# WORK INSTRUCTIONS:
Return only those lines of the records below in which "Final" appears.

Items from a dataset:

•••••

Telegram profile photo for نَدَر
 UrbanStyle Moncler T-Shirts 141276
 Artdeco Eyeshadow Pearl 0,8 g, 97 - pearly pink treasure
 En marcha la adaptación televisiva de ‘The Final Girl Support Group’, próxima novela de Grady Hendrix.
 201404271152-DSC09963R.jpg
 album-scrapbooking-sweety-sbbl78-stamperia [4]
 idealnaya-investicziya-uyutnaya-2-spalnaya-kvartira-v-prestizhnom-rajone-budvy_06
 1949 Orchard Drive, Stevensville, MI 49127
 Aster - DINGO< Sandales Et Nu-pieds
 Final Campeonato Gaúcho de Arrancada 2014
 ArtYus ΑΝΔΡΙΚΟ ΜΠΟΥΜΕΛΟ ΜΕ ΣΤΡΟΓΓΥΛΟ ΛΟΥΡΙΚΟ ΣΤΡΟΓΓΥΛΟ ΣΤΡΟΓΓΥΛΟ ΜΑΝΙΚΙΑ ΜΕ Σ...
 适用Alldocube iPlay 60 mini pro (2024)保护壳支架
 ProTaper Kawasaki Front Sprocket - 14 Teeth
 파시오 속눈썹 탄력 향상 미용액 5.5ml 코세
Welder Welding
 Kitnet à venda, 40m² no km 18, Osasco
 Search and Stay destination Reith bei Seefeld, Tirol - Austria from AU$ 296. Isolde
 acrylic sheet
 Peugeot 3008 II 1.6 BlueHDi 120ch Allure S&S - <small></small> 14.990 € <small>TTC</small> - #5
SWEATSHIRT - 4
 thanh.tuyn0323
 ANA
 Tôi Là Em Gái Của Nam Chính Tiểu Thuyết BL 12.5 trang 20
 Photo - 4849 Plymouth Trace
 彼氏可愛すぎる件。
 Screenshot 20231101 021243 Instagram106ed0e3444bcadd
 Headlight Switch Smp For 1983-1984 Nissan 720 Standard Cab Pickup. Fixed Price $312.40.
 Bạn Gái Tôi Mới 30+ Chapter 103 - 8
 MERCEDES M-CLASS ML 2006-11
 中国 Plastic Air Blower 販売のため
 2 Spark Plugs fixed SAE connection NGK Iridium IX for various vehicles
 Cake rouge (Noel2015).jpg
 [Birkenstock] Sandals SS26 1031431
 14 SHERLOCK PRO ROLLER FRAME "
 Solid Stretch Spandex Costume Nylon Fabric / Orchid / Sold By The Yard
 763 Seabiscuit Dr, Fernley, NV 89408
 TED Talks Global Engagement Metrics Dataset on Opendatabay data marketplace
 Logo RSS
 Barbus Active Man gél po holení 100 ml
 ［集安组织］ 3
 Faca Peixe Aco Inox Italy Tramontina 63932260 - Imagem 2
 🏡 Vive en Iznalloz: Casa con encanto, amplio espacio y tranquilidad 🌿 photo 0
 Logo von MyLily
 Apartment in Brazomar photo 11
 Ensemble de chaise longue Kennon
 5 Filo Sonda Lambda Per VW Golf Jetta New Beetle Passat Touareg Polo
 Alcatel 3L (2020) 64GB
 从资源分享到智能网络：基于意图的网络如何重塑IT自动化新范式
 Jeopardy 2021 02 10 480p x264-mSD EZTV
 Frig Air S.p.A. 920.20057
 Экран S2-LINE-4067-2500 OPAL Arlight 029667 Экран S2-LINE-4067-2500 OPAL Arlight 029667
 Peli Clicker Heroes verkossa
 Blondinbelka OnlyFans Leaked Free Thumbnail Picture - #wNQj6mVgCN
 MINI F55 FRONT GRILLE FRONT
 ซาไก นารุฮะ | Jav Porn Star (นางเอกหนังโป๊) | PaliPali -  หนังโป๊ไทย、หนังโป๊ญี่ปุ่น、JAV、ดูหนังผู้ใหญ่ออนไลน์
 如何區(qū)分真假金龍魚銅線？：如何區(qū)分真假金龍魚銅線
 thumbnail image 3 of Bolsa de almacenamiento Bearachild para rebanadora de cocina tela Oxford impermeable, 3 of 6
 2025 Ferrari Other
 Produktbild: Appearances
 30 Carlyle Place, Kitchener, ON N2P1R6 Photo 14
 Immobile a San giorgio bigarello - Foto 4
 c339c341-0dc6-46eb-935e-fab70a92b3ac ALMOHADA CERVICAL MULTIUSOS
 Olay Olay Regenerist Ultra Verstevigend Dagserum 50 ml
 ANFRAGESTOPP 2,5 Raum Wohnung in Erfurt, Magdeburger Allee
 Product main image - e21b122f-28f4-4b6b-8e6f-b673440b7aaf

•••••

# TASK SOLUTION:
 En marcha la adaptación televisiva de ‘The Final Girl Support Group’, próxima novela de Grady Hendrix.
 Final Campeonato Gaúcho de Arrancada 2014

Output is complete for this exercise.